What Can Engineering Leaders Learn from the U.S. Political Fight Over Healthcare?

It seems like political leaders have been arguing over healthcare for decades. In the United States, for instance, a once-motivating effort has been mired in debate and detail to the point where practically no one has the energy left to tackle the workload. (And Canadians aren’t immune from their own internecine battles over the subject.)

Here are five lessons engineering teams can learn from the recent fight over healthcare in the United States in order to move an impossible project from “doing” to “done”:

Set micro goals. A 2,000-page healthcare bill is overwhelming to consider. However, if you break the effort into manageable mini-goals, it’s much easier to conquer.

Find the right motivation. It’s easy to go nowhere when legislators have different motivations—for some, it’s about health care delivery, others, economy, and for some, political well-being. Having a clear, singular motivation can galvanize your team. Consider book Beautiful Teams, where software engineer Steve McConnell is quoted as saying: “If you’re out digging ditches, that’s not very elevating or inspiring. But if you’re digging ditches to protect your town that’s about to be attacked by an enemy, well, that’s more inspiring, even though it’s the same activity.”
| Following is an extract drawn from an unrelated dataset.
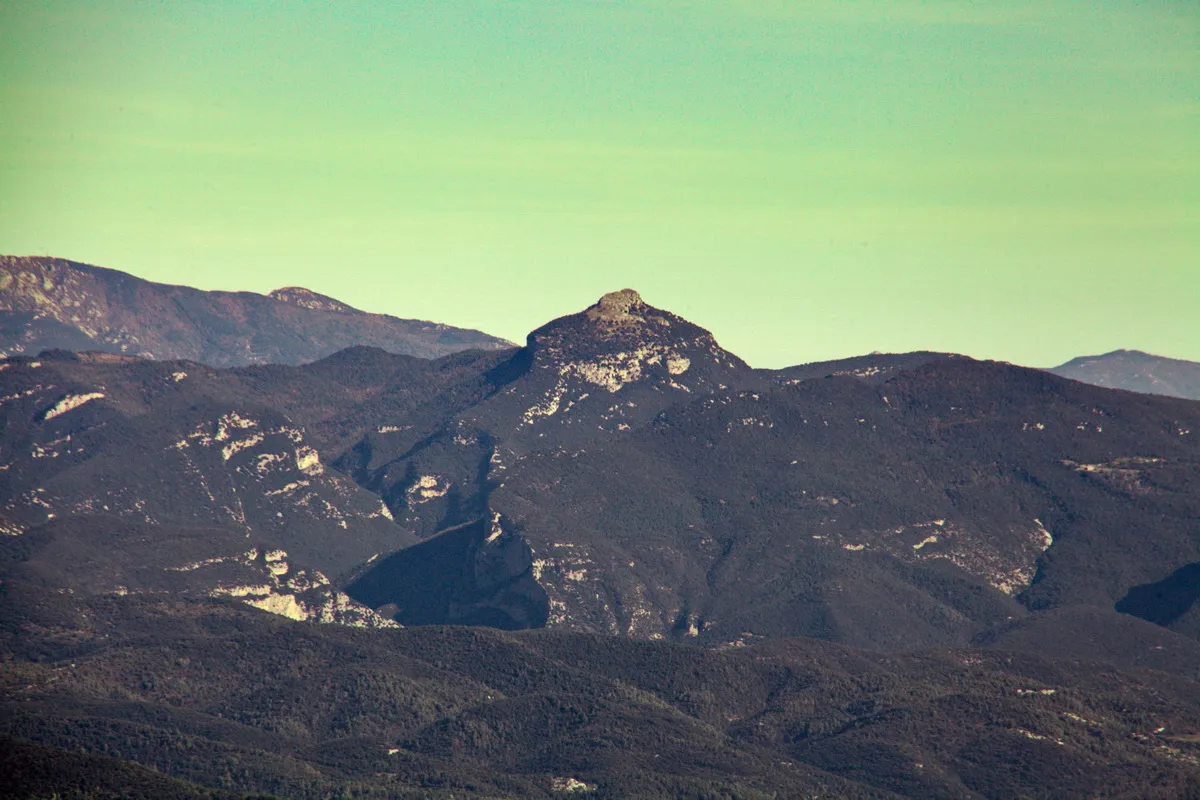 Photo showing: El Puig de Bassegoda vist des del Puigsacalm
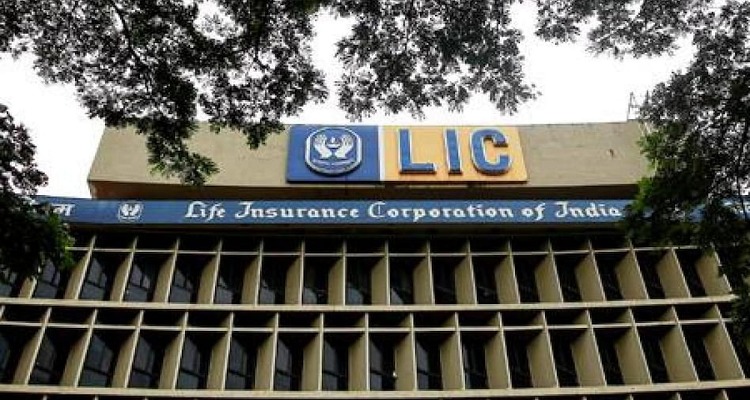 kishan bharvad 1 4 LIC IPO પર સેબીને સરકારનું અલ્ટીમેટમ, કહ્યું..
Eliminate distractions. Imagine how much more legislators could get done on healthcare if that was all they had to do. If your team is able to withdraw from other projects, nonessential people and electronic distractions—even for short periods of time—you’ll power through your objectives much faster.

Ask for help. Government representatives have staffs to assist them and researchers to advise. You may be at a point in your project where you need to ask for help from people outside of your team.

Keep your eye on the prize. Projects usually start out great but then, somewhere in the middle, the finish line seems hazy and distant. One working weekend after another, what started as an inspiring goal feels like a never-ending slog. Remember the ultimate goal.